Let's try to extract ebook Id, published date and last updated date.Consider following text.Please assume text is in variable "data".
The Project Gutenberg eBook, The Art of War, by Sun Tzu
Release Date: 1st May 1994  [eBook #132]
[Last updated: January 14, 2012]
  1. Find ebook Id


    re.findall('[ebook #\d+]',data)
    >>['e', ' ', 'o', 'e', ' ', 'e', 'b', 'e', ' ', 'e', 'o', 'o', 'k', ' ', 'e', ' ', ' ', 'o', ' ', ' ', 'b', ' ', ' ', 'e', 'e', 'e', ' ', 'e', ' ', '1', ' ', ' ', '1', '9', '9', '4', ' ', ' ', 'e', 'o', 'o', 'k', ' ', '#', '1', '3', '2', ' ', 'e', ' ', ' ', '1', '4', ' ', '2', '0', '1', '2']
    So, What went wrong? Well,it interprets '[ ]' as metacharacter and looks for only one character which matches 'e','b','o','k',' ','#' or any one digit.We need to put "\" before [ and ] to interpret them as characters not a metacharacter.
    re.findall('\[eBook #(\d+)\]',data)
    >>['132']
    
  2. Find Release Date

    We will try to search for "Release Date: 1st May 1994" in the text.

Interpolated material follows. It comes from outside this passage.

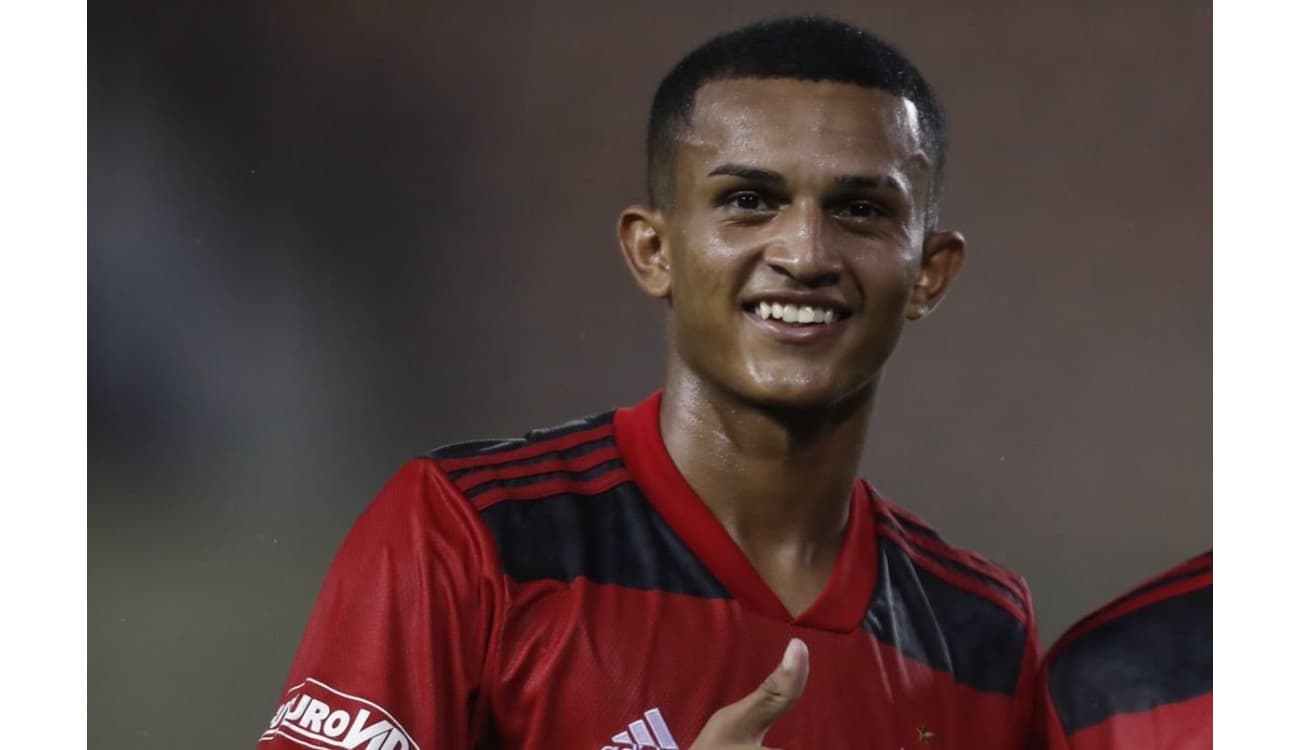 Flamengo pede alto, e Barcelona recua em negociação por joia da base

    re.findall('Release Date:\s*\d{1,2}st\s*[A-Z|a-z]{3,9}\s*\d{2,4}',data)
    >>['Release Date: 1st May 1994']
    
    re.findall('Release Date:\s*(\d{1,2}\w{1,2}\s*[A-Z|a-z]{3,9}\s*\d{2,4})',data)
    >>['1st May 1994']
    
    re.findall('Release Date:\s*(\d{1,2}(st|nd|rd|th)\s*[A-Z|a-z]{3,9}\s*\d{2,4})',data)
    >>[('1st May 1994', 'st')]
    
    Hmm.. Did you find it complex? But it is not. Let's break it down.

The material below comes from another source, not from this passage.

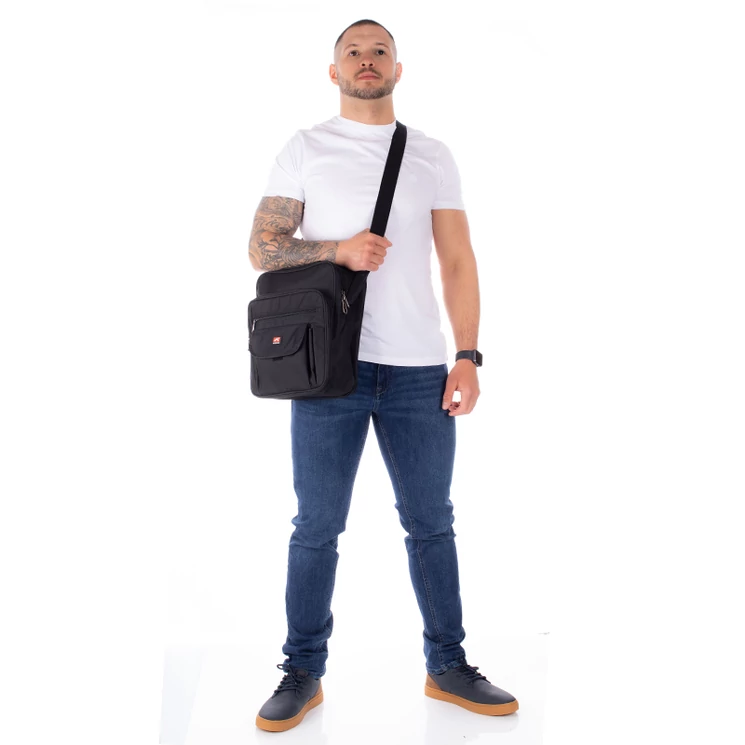 AdventureR Válltáska AT526 fekete színben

    1. Release Date:\s* looks for Release Date: in the text.\s* is to account for zero or more spaces.
    2. After "Release Date:" we look for day 1st,2nd,..,15th etc. \d{1,2}st matches digit having minimum length 1 and maximum length 2 followed by "st"."st" is to match 1st.
      To also search for possibility of "nd","rd","th" we can use "|" with group meta character "( )" as used here \d{1,2}(st|nd|rd|th).

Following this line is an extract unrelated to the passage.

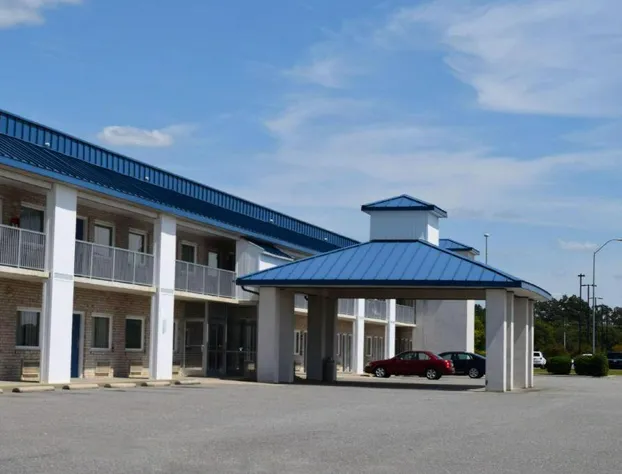 Americas Best Value Inn Kinston hotel detail image 1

      Well, simpler way would be look for any two character with \d{1,2}\w{1,2} .
      {M,N} is used to denotes the minimum M and the maximum N match count.
    3. Now ,we look for month name.Length of month name can be between 3,9.[A-Z|a-z]{3,9} sequence of matches characters of length 3 to 9.
    4. . Here it will match with "May".
    5. At the end \d{2,4} look for year. Here it will match 1994.
  3. FYI :Get datetime object from string in python

    re.sub("(st|nd|rd|th)",",","1st May 1994")
    >>'1, May 1994'
    datetime.strptime('1, May 1994','%d, %B %Y')
    >>datetime.datetime(1994, 5, 1, 0, 0)
    
    #lets try this out 
    re.sub("(st|nd|rd|th)",",","05th August 2013")
    >> '05, Augu, 2013'
    
    #we need correction.
    re.sub("(\d+)(st|nd|rd|th)","\g<1>",'05th  August, 2013')
    >> '05  August, 2013' 
    (st|nd|rd|th) also replaces st in August.So we add (\d+) just to check that st,nd,rd,th are after date. And we replaces the entire pattern by date. To refer date we can use \g<1> which refers to first group of regex.
  4. Find Last updated date

    It should be now easy for you.Let's give a try.
    re.findall("Last updated:\s*\w{3,9}\s*\d{1,2},\s*\d{2,4}",data)
    >>['Last updated: January 14, 2012']
    re.findall("Last updated:\s*(\w{3,9}\s*\d{1,2},\s*\d{2,4})",data)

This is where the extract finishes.